What needs reproducing is the run of lines in the data below starting at the line with "A baby wearing" and ending at the line with "Beige plush velvet", both ends included. Copy it exactly, without pictures, and add nothing.

Short text fragments from websites
.....

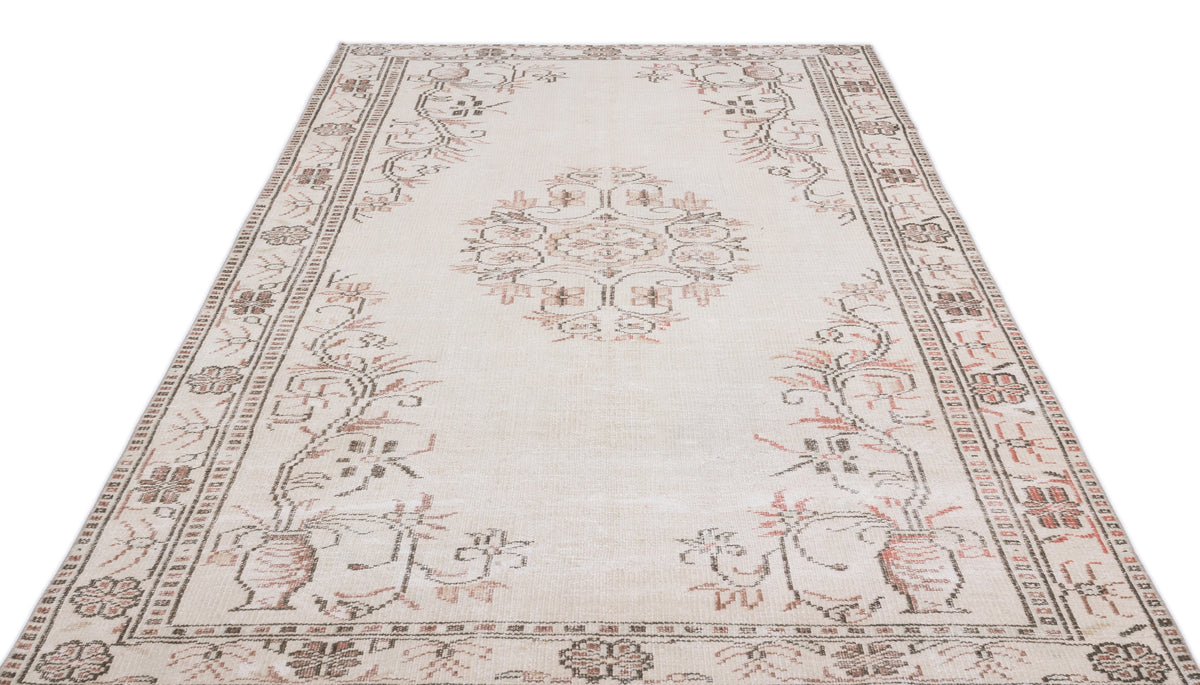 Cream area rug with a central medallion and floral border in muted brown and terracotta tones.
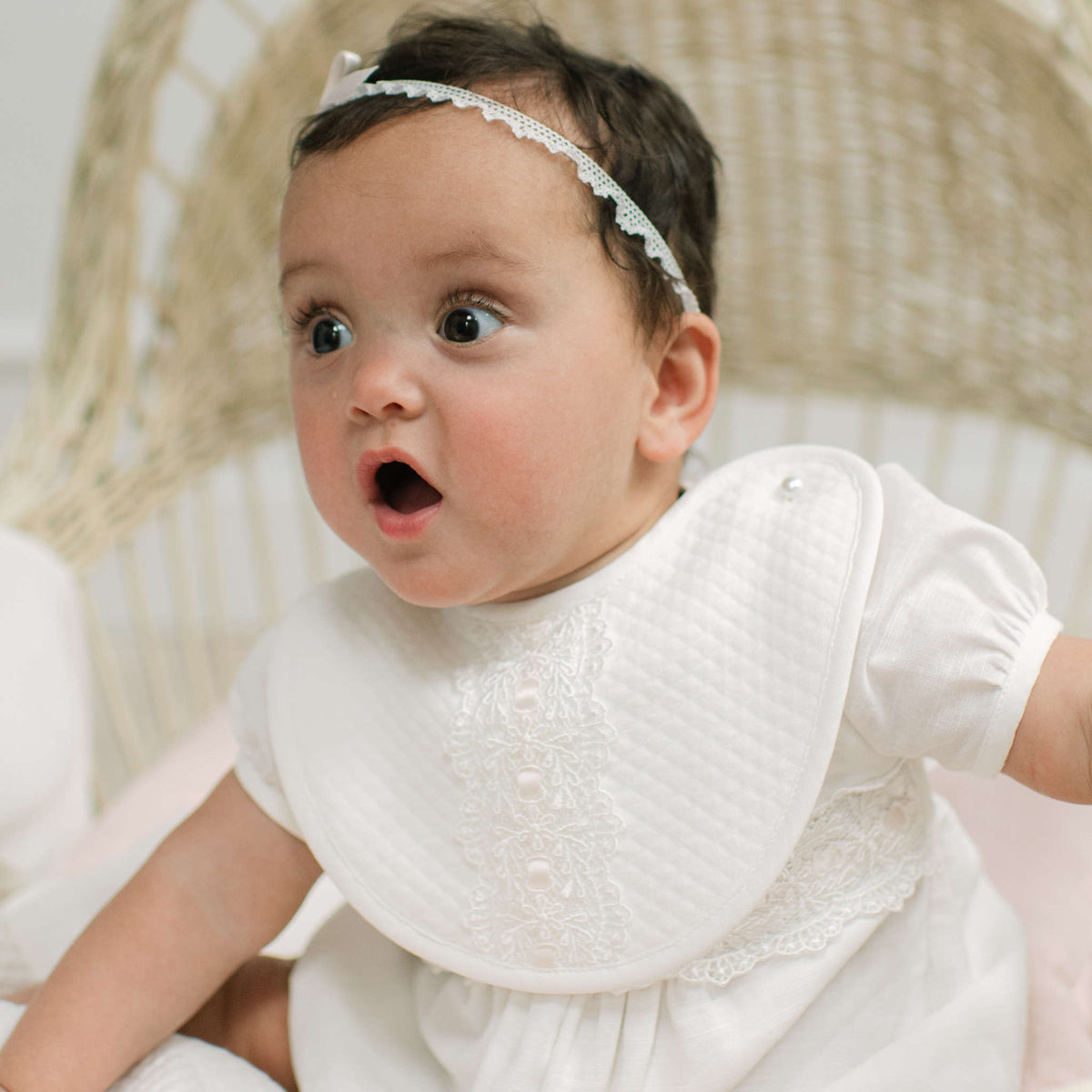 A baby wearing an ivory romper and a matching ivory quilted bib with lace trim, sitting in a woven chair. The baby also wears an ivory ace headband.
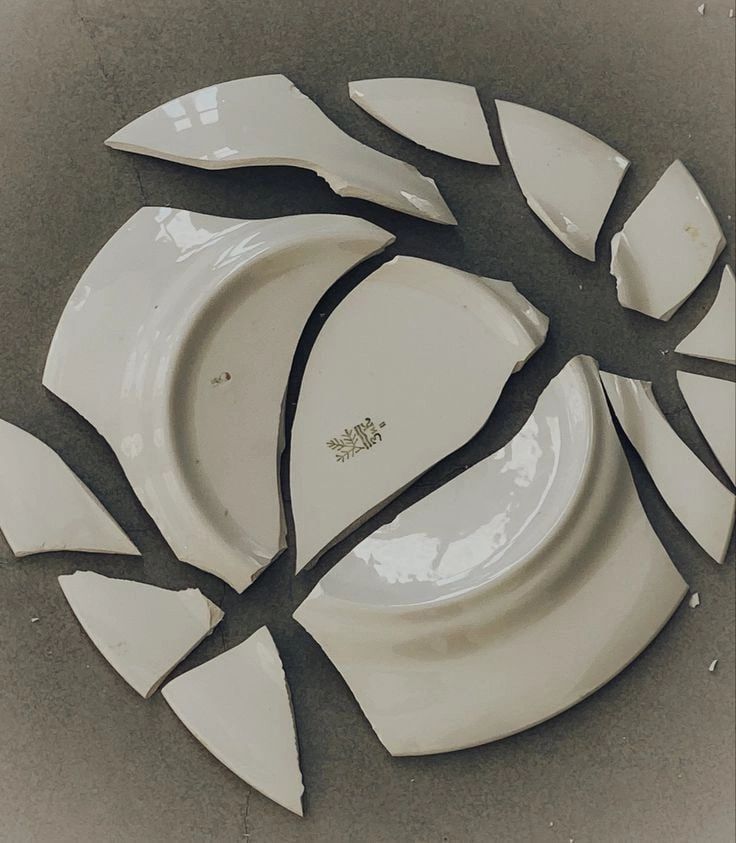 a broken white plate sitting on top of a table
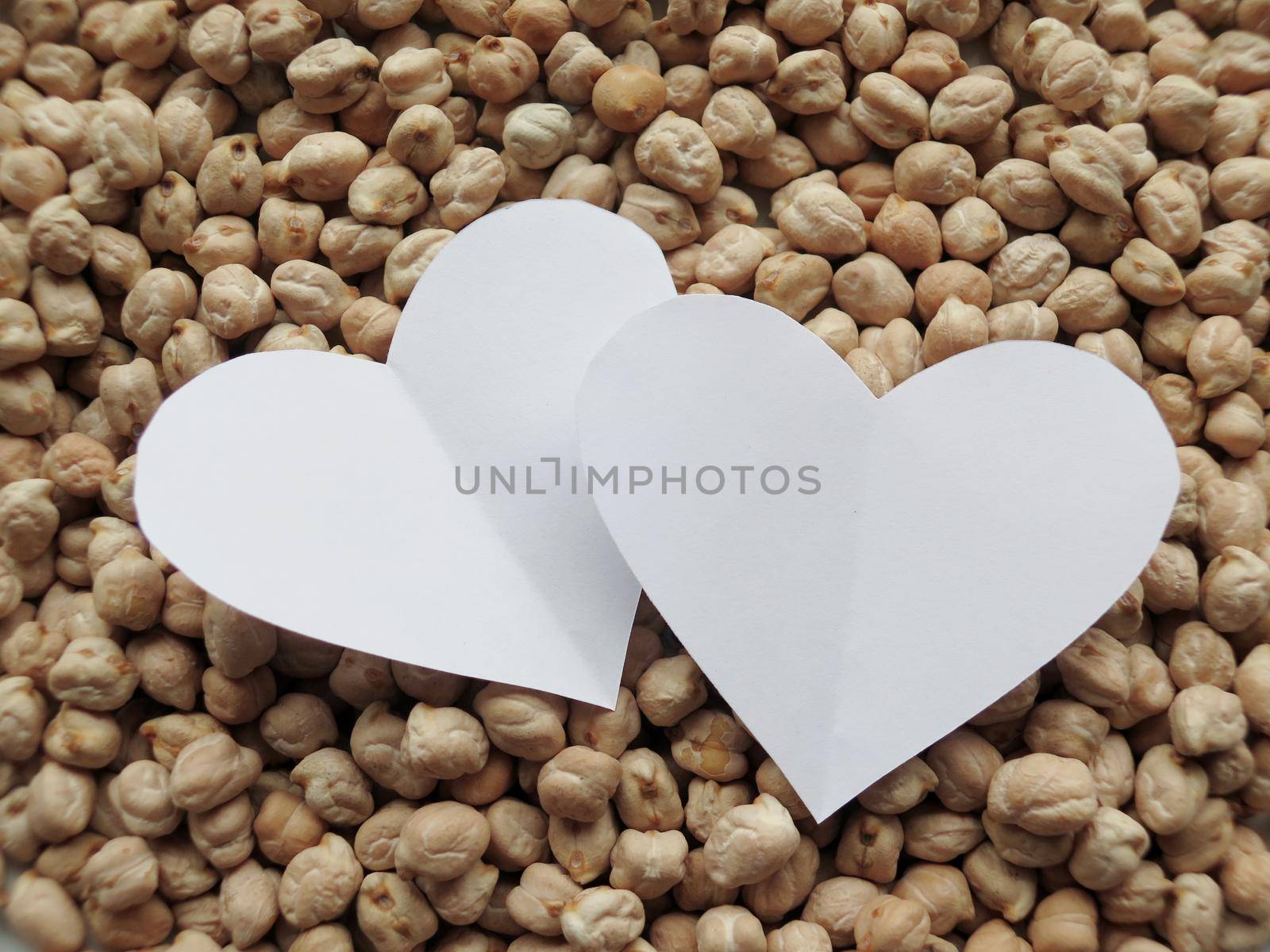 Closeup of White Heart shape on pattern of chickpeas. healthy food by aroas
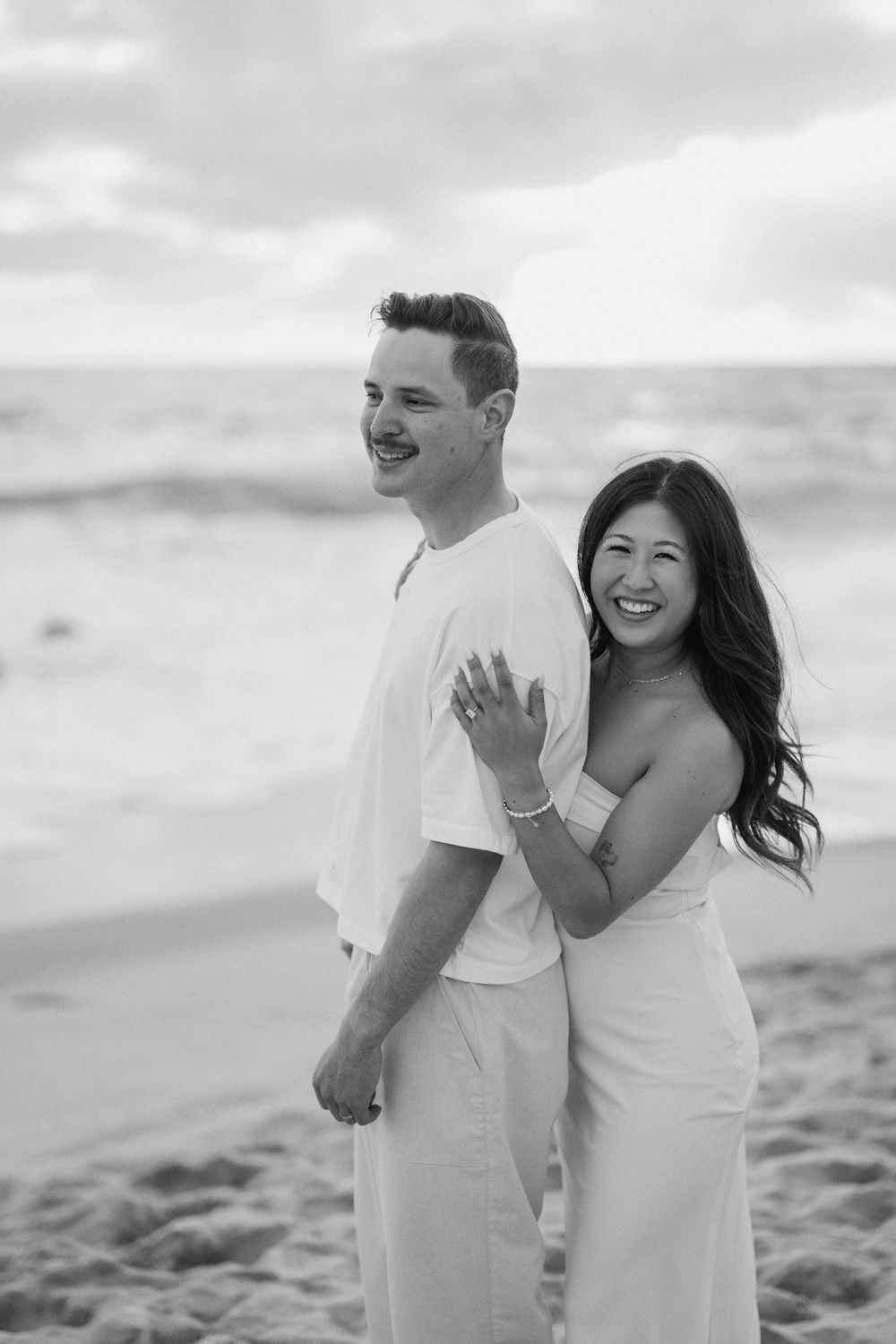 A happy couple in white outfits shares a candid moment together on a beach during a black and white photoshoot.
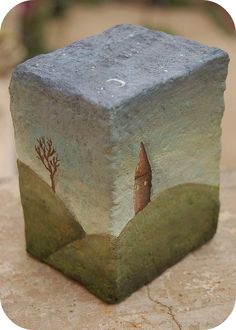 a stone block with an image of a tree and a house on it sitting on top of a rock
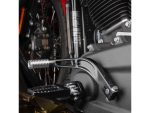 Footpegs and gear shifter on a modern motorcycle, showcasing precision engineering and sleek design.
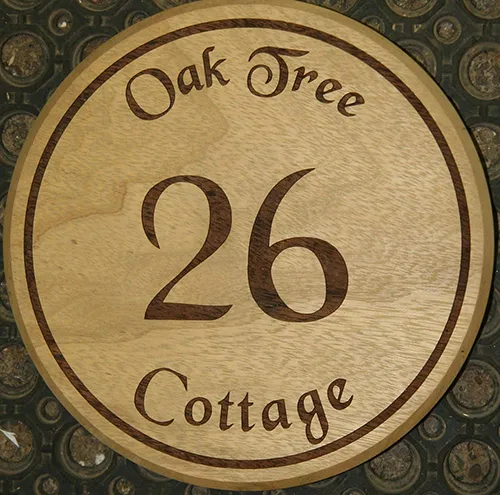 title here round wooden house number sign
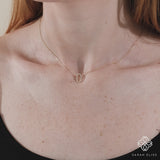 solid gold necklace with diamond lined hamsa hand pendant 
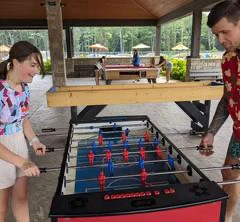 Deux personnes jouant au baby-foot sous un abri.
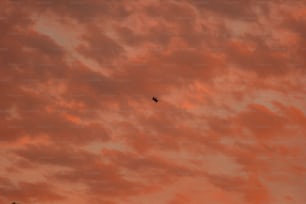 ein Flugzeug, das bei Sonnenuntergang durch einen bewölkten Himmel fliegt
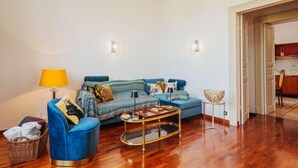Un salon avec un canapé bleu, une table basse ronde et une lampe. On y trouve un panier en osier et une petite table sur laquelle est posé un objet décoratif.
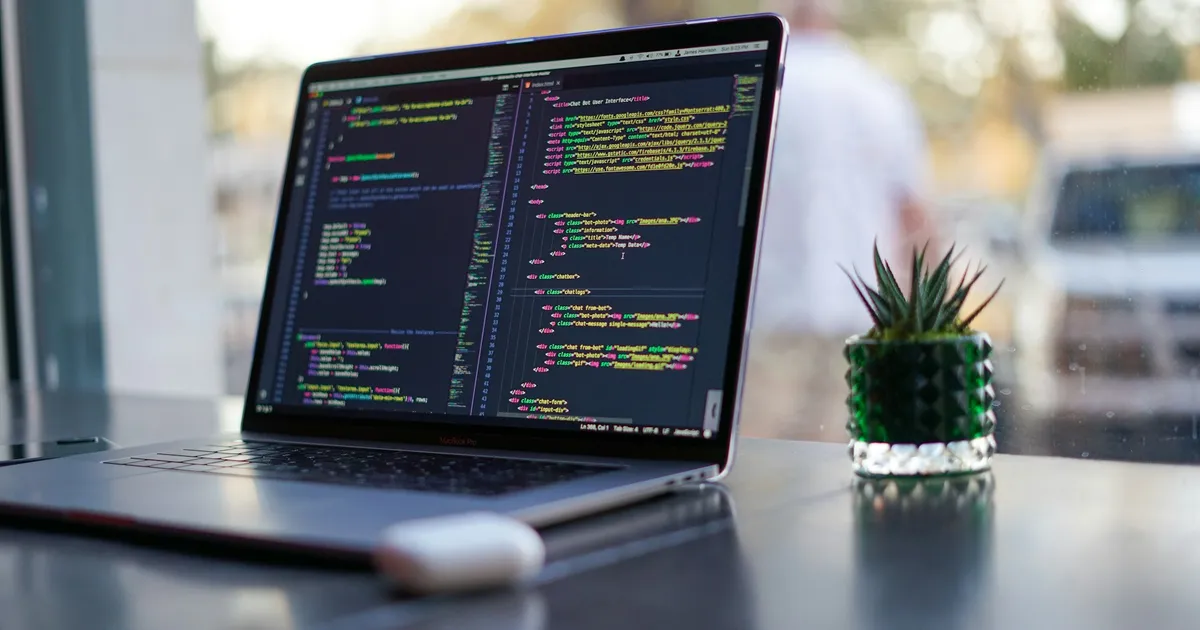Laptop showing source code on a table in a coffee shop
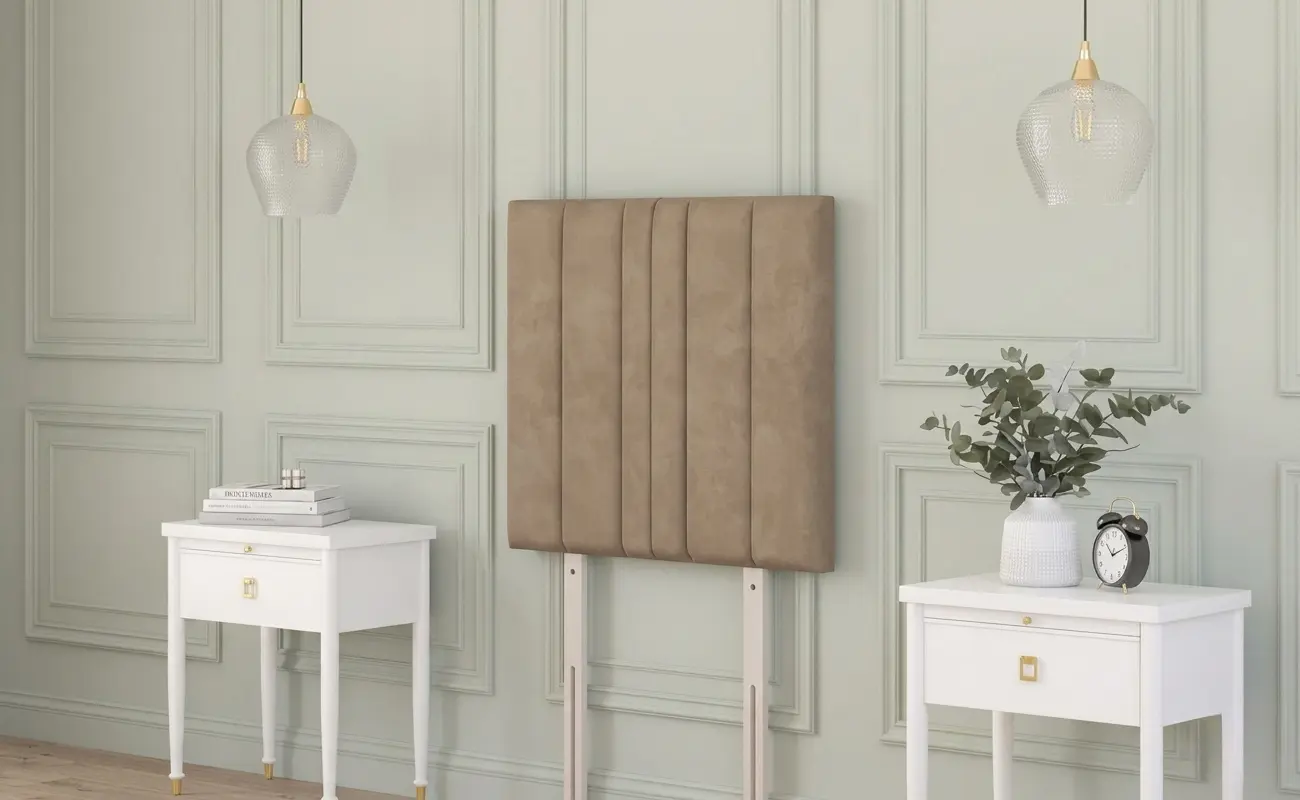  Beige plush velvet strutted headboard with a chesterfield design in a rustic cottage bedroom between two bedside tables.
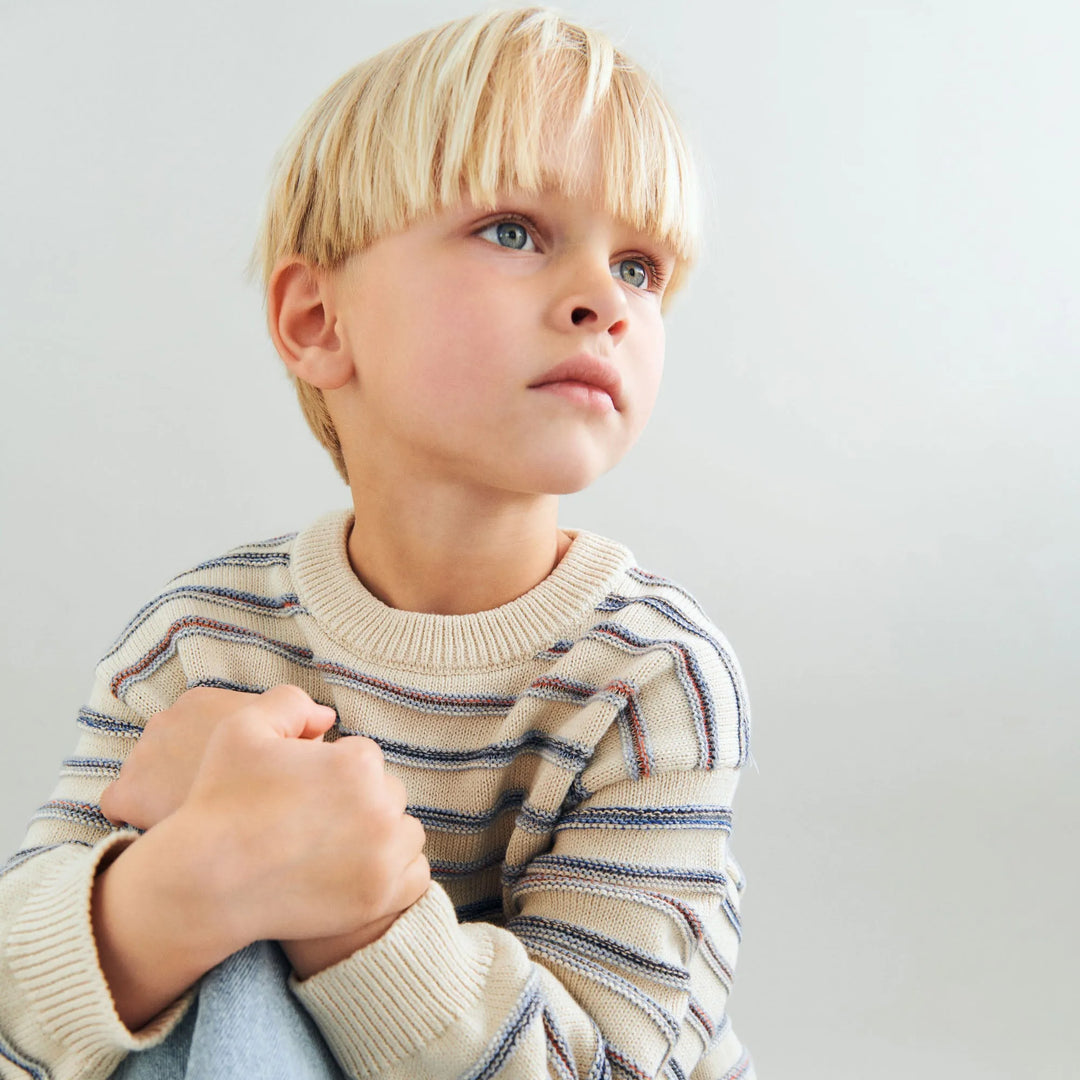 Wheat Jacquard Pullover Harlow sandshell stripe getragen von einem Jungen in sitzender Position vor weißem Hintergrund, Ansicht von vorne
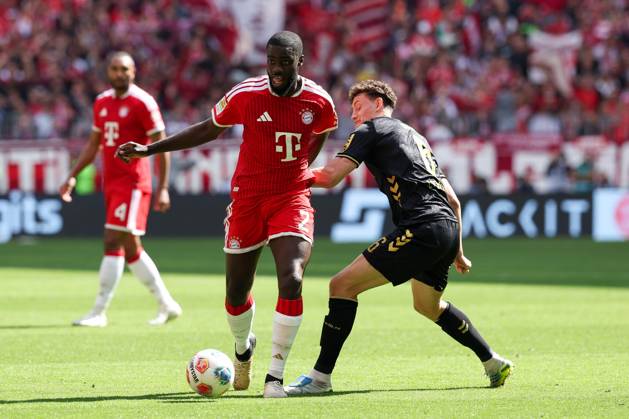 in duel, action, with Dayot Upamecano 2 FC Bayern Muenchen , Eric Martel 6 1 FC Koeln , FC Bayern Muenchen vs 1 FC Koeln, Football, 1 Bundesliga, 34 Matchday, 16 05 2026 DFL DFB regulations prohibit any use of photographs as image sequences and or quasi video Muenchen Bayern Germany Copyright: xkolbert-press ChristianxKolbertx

.....

**Solution for this problem:**
 A baby wearing an ivory romper and a matching ivory quilted bib with lace trim, sitting in a woven chair. The baby also wears an ivory ace headband.
 a broken white plate sitting on top of a table
 Closeup of White Heart shape on pattern of chickpeas. healthy food by aroas
 A happy couple in white outfits shares a candid moment together on a beach during a black and white photoshoot.
 a stone block with an image of a tree and a house on it sitting on top of a rock
 Footpegs and gear shifter on a modern motorcycle, showcasing precision engineering and sleek design.
 title here round wooden house number sign
 solid gold necklace with diamond lined hamsa hand pendant 
 Deux personnes jouant au baby-foot sous un abri.
 ein Flugzeug, das bei Sonnenuntergang durch einen bewölkten Himmel fliegt
Un salon avec un canapé bleu, une table basse ronde et une lampe. On y trouve un panier en osier et une petite table sur laquelle est posé un objet décoratif.
Laptop showing source code on a table in a coffee shop
  Beige plush velvet strutted headboard with a chesterfield design in a rustic cottage bedroom between two bedside tables.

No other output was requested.